Blog‎ > ‎

Database developer fails, I/O stack, Big Data, IaaS & Cloud, SaaS pricing

posted Apr 5, 2014, 7:32 AM by Sami Lehtinen   [ updated Apr 5, 2014, 7:59 AM ]
  • Total database performance killer from one great developer. He decided to use where key like '%input%'. Of course this is a solution which shouldn't be ever used in production. It's fine if you have small database and you're testing or looking something. But in production that's a real killer. Now that command is run on table containing a few million records on field, which contains about 100B-100kB of text per record. So even with modest estimate, each request requires scanning through at least 2 gigabytes of data. It's just great. It basically triggers massive disk I/O operation every time and also consumes a ton of CPU cycles. Anyone using the web application can trivially launch a denial of service attack, by just sending a few queries to that specific URL. But of course there is there a rate limit or request limit / IP. Well, of course there isn't, it wouldn't be any fun at all.

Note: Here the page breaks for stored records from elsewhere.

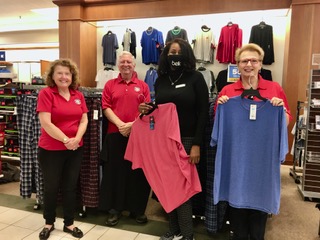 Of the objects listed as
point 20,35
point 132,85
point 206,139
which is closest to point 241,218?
point 206,139

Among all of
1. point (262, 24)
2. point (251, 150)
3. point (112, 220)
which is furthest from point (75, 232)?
point (262, 24)

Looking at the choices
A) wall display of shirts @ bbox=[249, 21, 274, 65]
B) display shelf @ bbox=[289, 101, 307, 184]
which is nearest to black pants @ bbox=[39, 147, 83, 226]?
display shelf @ bbox=[289, 101, 307, 184]

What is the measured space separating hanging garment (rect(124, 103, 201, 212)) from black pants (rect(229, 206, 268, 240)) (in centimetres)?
35

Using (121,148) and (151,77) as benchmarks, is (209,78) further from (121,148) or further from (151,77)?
(121,148)

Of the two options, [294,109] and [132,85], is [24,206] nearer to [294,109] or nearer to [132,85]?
[132,85]

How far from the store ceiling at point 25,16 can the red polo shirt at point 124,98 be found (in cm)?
507

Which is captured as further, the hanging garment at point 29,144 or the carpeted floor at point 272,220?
the hanging garment at point 29,144

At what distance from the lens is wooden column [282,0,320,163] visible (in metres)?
4.37

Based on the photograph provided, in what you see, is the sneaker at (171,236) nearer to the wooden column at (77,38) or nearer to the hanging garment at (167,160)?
the hanging garment at (167,160)

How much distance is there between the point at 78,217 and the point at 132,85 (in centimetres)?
144

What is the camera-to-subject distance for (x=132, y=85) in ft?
7.93

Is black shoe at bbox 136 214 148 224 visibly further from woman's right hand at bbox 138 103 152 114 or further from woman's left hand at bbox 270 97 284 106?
woman's left hand at bbox 270 97 284 106

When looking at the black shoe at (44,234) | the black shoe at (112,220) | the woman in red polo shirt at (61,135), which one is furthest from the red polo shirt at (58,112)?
the black shoe at (112,220)

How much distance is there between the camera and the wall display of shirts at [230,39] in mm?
5066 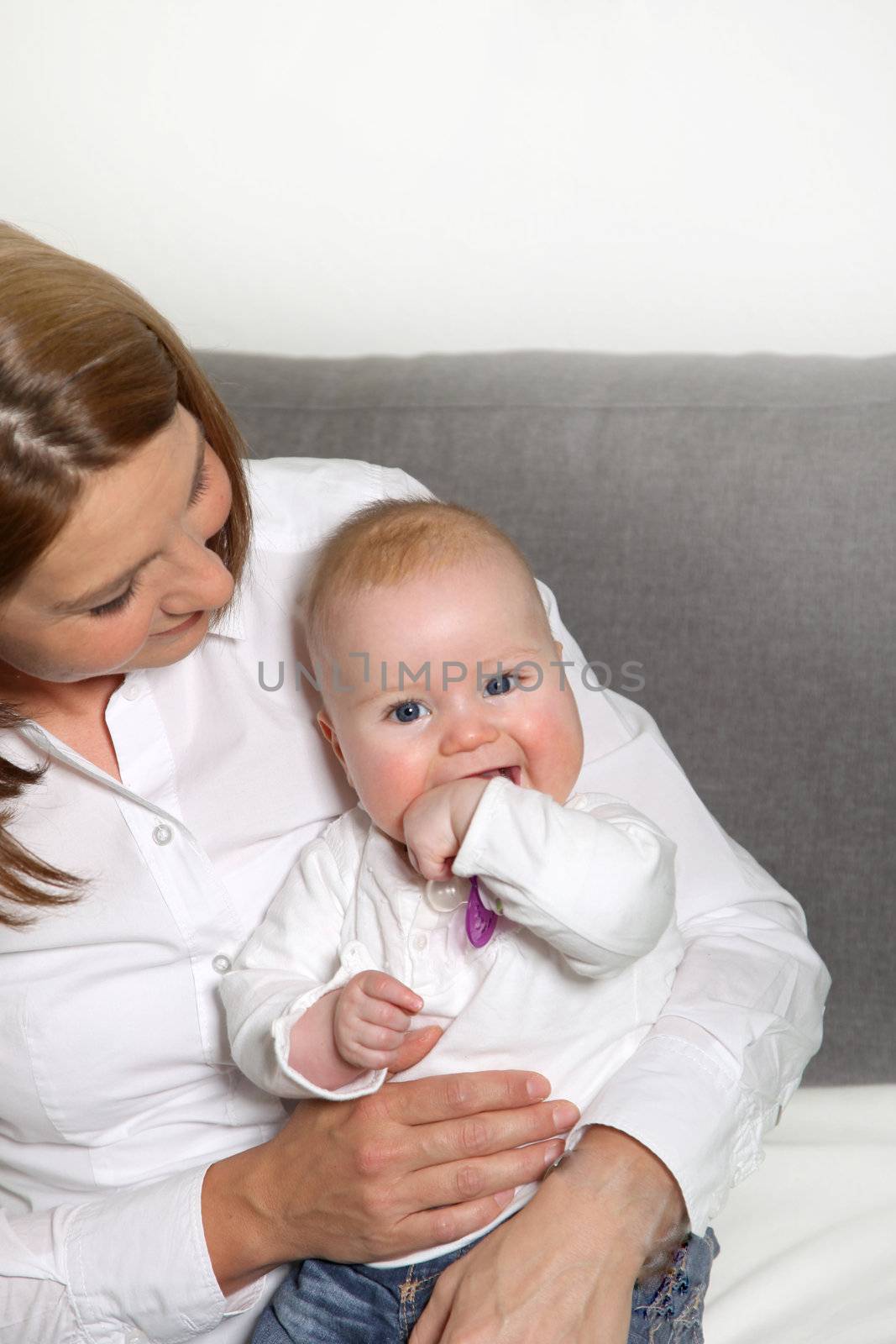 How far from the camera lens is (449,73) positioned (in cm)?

Actually doing little load testing would be just fine and interesting to see what happens. Let's just push 100 requests / second to query which takes minutes to complete.

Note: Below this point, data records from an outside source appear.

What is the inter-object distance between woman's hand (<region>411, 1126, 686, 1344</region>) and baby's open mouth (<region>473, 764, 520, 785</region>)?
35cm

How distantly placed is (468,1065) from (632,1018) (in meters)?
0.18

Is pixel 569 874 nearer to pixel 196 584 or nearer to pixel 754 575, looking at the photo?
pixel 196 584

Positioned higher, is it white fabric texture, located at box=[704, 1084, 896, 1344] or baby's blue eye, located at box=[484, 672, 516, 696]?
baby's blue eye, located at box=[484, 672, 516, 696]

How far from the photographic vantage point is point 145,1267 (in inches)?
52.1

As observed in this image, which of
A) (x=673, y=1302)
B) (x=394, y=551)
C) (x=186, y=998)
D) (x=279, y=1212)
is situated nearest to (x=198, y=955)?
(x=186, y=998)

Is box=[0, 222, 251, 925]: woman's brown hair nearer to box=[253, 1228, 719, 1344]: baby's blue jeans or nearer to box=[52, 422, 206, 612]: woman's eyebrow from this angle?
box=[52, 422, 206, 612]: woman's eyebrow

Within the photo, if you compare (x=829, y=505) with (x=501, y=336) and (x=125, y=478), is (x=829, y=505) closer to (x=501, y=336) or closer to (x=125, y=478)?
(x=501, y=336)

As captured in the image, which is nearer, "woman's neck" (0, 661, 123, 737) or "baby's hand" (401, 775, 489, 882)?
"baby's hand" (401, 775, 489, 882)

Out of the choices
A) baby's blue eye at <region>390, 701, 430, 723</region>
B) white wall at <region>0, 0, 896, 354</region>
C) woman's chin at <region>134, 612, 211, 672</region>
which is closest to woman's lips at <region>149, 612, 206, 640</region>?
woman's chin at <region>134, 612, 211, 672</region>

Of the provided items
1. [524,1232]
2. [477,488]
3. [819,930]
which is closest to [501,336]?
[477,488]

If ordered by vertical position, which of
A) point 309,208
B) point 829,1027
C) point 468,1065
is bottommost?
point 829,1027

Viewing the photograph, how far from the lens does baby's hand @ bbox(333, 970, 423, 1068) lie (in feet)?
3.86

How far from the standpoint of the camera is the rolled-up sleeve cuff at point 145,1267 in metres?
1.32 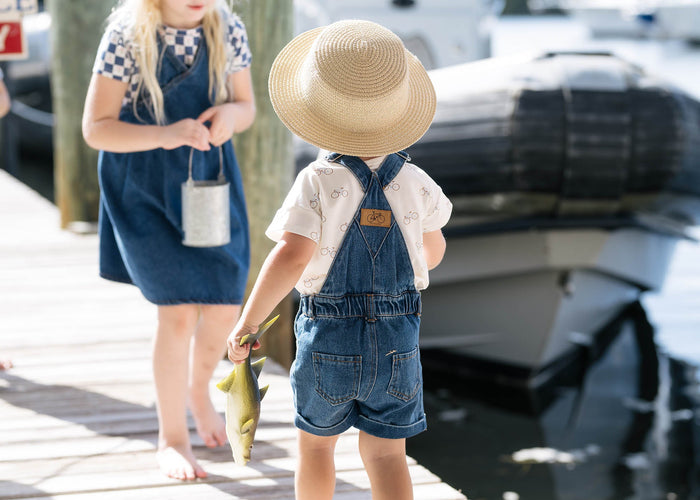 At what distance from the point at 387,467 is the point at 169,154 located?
112 cm

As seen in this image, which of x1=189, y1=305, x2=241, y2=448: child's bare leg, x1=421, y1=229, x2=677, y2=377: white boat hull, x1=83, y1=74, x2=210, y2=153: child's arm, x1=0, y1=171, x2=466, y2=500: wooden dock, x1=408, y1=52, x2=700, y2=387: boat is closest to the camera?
x1=83, y1=74, x2=210, y2=153: child's arm

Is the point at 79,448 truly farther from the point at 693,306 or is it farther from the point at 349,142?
the point at 693,306

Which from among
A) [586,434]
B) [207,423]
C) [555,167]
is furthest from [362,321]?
[586,434]

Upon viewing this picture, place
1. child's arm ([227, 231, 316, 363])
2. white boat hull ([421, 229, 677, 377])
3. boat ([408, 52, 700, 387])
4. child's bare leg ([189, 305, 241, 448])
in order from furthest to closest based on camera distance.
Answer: white boat hull ([421, 229, 677, 377])
boat ([408, 52, 700, 387])
child's bare leg ([189, 305, 241, 448])
child's arm ([227, 231, 316, 363])

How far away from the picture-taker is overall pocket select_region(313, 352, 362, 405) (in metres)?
1.88

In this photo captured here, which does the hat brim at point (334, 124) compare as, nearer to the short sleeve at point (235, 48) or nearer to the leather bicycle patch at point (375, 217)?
the leather bicycle patch at point (375, 217)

  • Yet another performance killer and design flaw. One huge table with hundred of millions of records, got one column which is named status. Great. Does make sense. Records which are stored into table are initially using status=0, and records which are processed further, got status=1. But now there are a few record types, which do not require any processing. Guess what, the process which processes those records further naturally skips records that do not require processing. Well, does it update the processed flag? Ha, of course not. It re-checks there records over and over again, skipping those. Another great question is why status is fully indexed field, I would have naturally indexed it partially and only for status=0. If things would be done smartly, there would be only a very small number of records with status=0. Yet the index would be small. Now the index contains all records. Of course the inefficiency with the status flag handling I described earlier also grows index size and makes processing slower.
  • I/O Stack Optimizations - Absolutely excellent article. It also covers many different file systems, EXT4, Btrfs, XFS, F2FS and of course compares those with different SQLite3 journaling modes (Delete, Truncate, Persistent, Write Ahead Logging). I loved it. Perfect reading if you want to know how these fundamentals affect your application / system performance and why journaling a journal isn't always a good idea.
  • FT: Big Data: Are we making a big mistake? - Actually this article was quite good. But another article, which was about data analytics was even better. This only covers the facts that unconfirmed data can lead to. But the another article actually told many details about the facts. And here's the another article: Data analysis hard parts. What they say about data analysis, isn't nothing new at all. I'm used to making many kind of integrations. Like invoicing and bookkeeping, basically those are data analytics. It requires at times going through massive amounts of data, hundreds of millions of records. And precisely processing all of that. If your analytics is wrong, nobody might notice. But if your bookkeeping is off by 100k I'm quite sure that someone will notice at some point.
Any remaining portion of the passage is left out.